In short, this is my biggest frustration with the report.
Forget that their first goal is for the U.S. to somehow "lead the world" in 2020 with 100 million connections at the speeds commonly found TODAY in several peer nations.
Let's focus instead on its anti-public sector bias in revisiting the history of infrastructure networks in US history (page 3):
Private investment was pivotal in building most of these networks, but government actions also played an important role. Treasury bonds and land grants underwrote the railroad, the Rural Electrification Act brought electricity to farms and the federal government funded 90% of the cost of the interstate highways.
Let's see, the public sector paid for almost all the highways, provided the land and financing for the railroads, and merely electrified most of the country's land mass while leaving the profitable areas for the private sector to take care of. It sure as hell seems like public investment was pivotal in building those networks, not private. But instead, we see another federal agency going out of its way to reassure the private sector that despite the U.S. being totally not competitive in broadband internationally, we all really really value their contribution.

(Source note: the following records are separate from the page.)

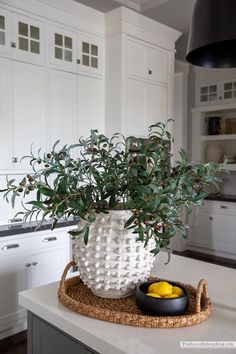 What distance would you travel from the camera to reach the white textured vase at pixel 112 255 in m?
1.11

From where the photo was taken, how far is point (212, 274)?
4.95 feet

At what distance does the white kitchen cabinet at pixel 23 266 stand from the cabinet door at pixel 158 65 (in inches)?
86.8

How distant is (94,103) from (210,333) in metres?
3.17

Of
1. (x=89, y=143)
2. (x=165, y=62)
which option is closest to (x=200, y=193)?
(x=89, y=143)

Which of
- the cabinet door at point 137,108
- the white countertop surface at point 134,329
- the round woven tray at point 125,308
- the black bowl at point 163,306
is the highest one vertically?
the cabinet door at point 137,108

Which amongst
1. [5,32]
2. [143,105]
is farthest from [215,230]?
[5,32]

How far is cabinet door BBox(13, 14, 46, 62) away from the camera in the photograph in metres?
3.15

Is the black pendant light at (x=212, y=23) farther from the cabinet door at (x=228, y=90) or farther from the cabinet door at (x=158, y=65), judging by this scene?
the cabinet door at (x=228, y=90)

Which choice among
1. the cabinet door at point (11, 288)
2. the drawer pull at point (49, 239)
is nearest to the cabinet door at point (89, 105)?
the drawer pull at point (49, 239)

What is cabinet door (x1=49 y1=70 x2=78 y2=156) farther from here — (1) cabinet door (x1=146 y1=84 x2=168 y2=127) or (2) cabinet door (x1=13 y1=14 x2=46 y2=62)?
(1) cabinet door (x1=146 y1=84 x2=168 y2=127)

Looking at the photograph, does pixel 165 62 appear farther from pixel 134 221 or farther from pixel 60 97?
pixel 134 221

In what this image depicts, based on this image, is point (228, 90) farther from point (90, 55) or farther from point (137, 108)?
point (90, 55)

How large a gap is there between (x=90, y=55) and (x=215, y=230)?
3.04 m

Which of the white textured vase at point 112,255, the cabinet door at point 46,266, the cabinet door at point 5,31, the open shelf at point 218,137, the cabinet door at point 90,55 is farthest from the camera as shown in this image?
the open shelf at point 218,137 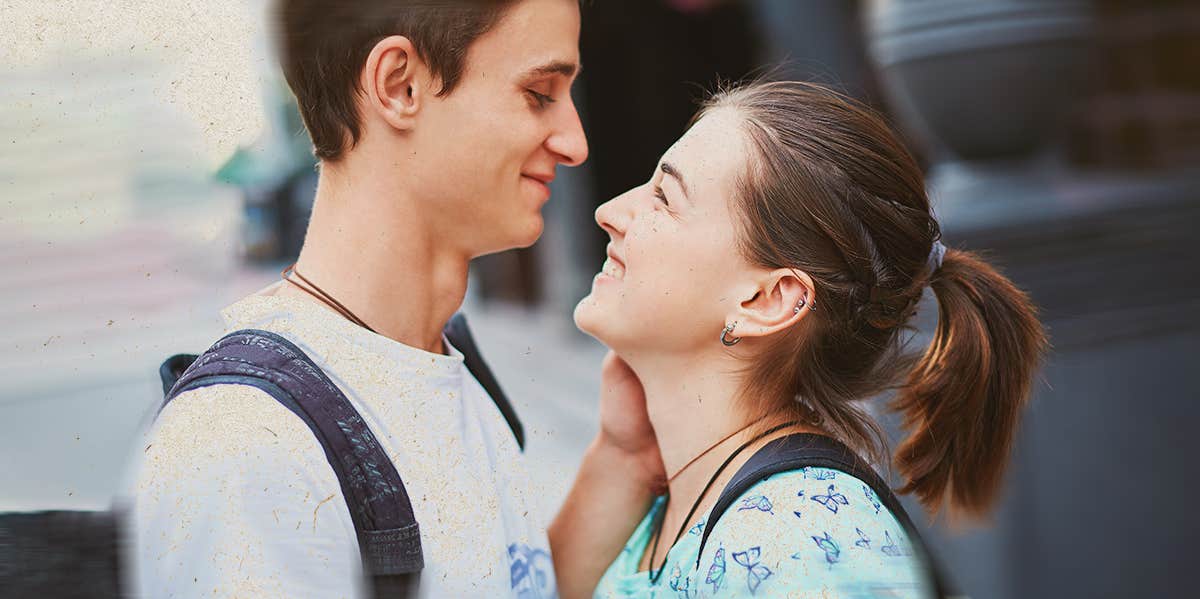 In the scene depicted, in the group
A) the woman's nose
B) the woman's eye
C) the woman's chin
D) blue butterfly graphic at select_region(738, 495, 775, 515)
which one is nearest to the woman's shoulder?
blue butterfly graphic at select_region(738, 495, 775, 515)

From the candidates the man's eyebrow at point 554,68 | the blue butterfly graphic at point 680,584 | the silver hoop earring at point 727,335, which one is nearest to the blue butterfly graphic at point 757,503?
the blue butterfly graphic at point 680,584

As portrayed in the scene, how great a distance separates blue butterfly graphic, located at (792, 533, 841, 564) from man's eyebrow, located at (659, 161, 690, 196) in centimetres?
46

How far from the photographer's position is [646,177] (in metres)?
7.38

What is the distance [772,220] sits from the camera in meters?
1.34

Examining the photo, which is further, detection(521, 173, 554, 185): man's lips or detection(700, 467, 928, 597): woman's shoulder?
detection(521, 173, 554, 185): man's lips

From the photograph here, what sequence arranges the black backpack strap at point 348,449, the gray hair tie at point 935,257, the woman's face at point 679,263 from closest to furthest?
the black backpack strap at point 348,449, the woman's face at point 679,263, the gray hair tie at point 935,257

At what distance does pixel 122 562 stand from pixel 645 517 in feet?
2.80

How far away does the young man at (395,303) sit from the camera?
0.93 m

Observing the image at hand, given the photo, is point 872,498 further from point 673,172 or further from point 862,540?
point 673,172

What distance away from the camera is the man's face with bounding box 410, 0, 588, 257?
47.1 inches

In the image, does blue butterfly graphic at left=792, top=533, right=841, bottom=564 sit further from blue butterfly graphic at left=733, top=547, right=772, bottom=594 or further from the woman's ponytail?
the woman's ponytail

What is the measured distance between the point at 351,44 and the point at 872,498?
2.52 ft

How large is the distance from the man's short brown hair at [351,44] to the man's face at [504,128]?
3 centimetres

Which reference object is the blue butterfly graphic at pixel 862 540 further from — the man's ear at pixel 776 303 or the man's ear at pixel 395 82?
the man's ear at pixel 395 82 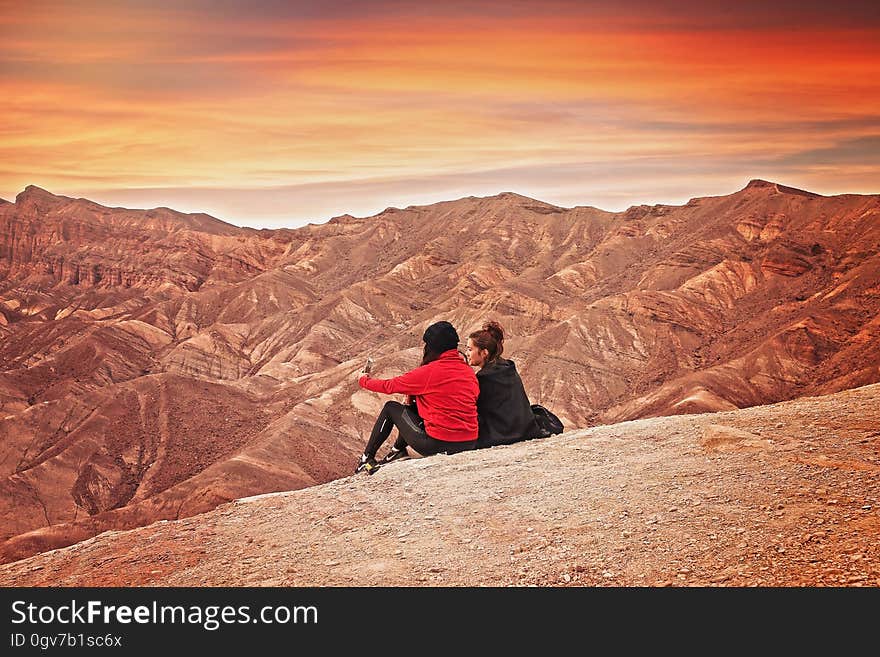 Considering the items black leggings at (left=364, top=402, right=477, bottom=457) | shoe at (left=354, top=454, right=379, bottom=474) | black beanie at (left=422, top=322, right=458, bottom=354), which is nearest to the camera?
black beanie at (left=422, top=322, right=458, bottom=354)

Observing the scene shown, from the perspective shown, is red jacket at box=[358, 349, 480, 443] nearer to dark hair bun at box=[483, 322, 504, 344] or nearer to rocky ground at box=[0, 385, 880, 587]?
rocky ground at box=[0, 385, 880, 587]

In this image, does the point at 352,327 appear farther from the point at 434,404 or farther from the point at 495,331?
the point at 434,404

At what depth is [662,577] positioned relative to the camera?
5.32 metres

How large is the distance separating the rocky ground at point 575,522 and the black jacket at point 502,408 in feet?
1.05

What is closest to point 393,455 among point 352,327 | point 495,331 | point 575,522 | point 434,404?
point 434,404

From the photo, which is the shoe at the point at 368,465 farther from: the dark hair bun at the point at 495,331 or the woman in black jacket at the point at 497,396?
the dark hair bun at the point at 495,331

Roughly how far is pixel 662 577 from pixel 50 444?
38.8 meters

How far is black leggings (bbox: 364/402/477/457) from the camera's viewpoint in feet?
28.0

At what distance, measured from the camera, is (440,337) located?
26.6 ft

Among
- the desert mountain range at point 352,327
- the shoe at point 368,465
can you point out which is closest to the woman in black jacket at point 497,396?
the shoe at point 368,465

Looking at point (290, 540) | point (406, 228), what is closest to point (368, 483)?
point (290, 540)

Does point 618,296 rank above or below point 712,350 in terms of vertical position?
above

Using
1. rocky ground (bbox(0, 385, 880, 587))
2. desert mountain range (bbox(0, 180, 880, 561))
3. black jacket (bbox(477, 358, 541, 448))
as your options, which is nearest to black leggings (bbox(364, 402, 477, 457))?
rocky ground (bbox(0, 385, 880, 587))

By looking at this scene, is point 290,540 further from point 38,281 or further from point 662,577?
point 38,281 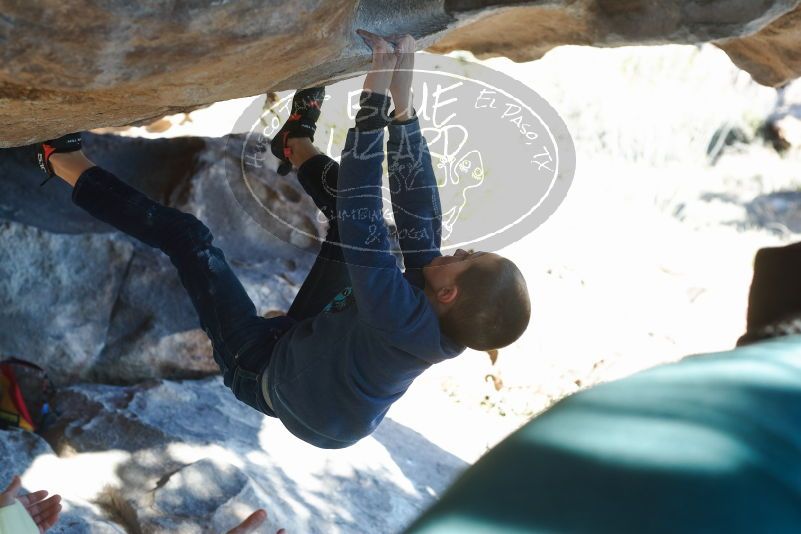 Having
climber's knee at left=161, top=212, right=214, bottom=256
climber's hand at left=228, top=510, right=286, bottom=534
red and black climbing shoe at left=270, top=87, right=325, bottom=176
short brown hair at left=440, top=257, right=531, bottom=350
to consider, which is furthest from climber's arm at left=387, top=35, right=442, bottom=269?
climber's hand at left=228, top=510, right=286, bottom=534

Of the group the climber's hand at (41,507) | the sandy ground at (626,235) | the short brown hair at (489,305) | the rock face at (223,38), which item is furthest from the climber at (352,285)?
the climber's hand at (41,507)

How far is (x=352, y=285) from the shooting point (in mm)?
2002

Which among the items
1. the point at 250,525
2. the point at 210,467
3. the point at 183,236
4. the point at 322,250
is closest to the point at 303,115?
the point at 322,250

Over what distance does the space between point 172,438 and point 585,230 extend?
3328mm

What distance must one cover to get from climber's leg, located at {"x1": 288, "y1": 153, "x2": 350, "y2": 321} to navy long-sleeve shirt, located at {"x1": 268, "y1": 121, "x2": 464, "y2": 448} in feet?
0.56

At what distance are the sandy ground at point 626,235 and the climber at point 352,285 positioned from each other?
0.49 m

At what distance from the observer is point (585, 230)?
5.59 metres

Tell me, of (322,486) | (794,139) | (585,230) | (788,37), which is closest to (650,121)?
(794,139)

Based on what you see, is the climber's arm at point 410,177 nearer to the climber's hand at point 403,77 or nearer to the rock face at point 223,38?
the climber's hand at point 403,77

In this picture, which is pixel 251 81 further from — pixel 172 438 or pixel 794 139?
pixel 794 139

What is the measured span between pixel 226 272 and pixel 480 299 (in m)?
0.85

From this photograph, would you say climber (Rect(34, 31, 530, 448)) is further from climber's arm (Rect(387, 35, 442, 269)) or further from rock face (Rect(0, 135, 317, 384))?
rock face (Rect(0, 135, 317, 384))

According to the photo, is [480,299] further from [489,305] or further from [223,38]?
[223,38]

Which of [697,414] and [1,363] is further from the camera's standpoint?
[1,363] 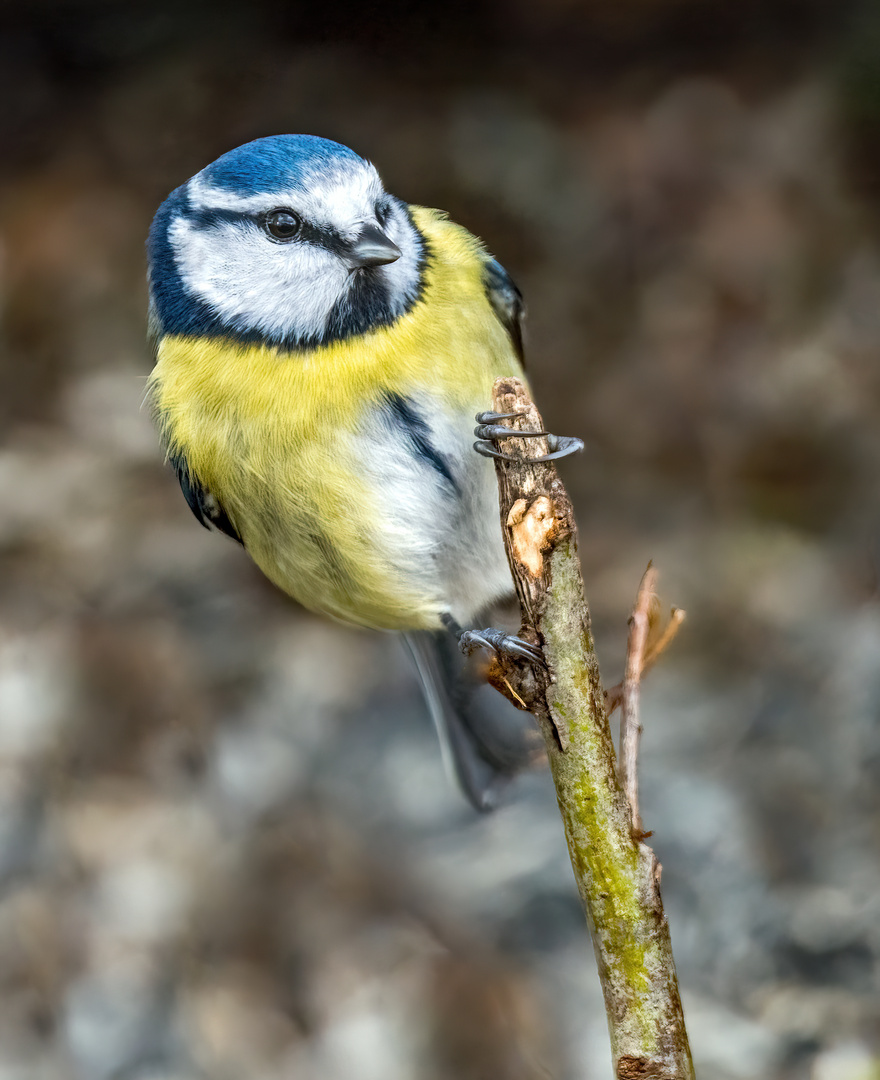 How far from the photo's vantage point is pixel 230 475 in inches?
27.6

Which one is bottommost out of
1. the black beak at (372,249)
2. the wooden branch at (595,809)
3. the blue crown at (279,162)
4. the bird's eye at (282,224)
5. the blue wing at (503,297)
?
the wooden branch at (595,809)

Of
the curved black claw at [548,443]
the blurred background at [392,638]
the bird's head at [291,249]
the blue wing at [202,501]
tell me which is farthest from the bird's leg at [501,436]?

Perhaps the most fascinating omission of this report is that it ignores the areas of the U.S. that have already met the goals set forth. Lafayette, Louisiana, is building 100Mbps symmetrical connections to every home in town - one might think the FCC would have been interested in mentioning that. Unfortunately, it doesn't fit into the FCC's narrative that public broadband should be a last resort. Lafayette already had broadband - they simply wanted better broadband from a provider that put the community first. It was not a last resort, it was a good policy choice.
This report gets many of the details right when it comes to why these networks are important, but it does not learn from all the past networks they cite as being transformative -- that the public sector has an incredibly important role to play rather than a minor one. The public must control the infrastructure to ensure it is not monopolized by narrow interests. And in this case, those narrow interests probably love this report.
This is a plan for ongoing public subsidization of privately owned networks. Even if it leads to a temporary spike in broadband investment, it does not solve the long term problem in the way that rural electrification did - by making sure that the infrastructure was accountable to communities.
If nothing else, we continue to hope that this plan will make it easier for communities to build the networks they need themselves. The FCC has made a weak recommendation that this happen - we'll see what Congress says. This plan makes it clear: DC is not coming to the rescue - communities can choose to be self-reliant (depending on the state) or they can take what the private sector gets around to offering.
Update: My criticisms of The Plan should not be interpreted as being anti-Plan. In fact, I think the Plan moves us forward as a nation in some key ways (as noted by Karl Bode in the link above) -- but I also think the Plan makes some fundamental mistakes. Nonetheless, I offer my thanks to all the work the FCC put into producing this. It was certainly a Sisyphusian task.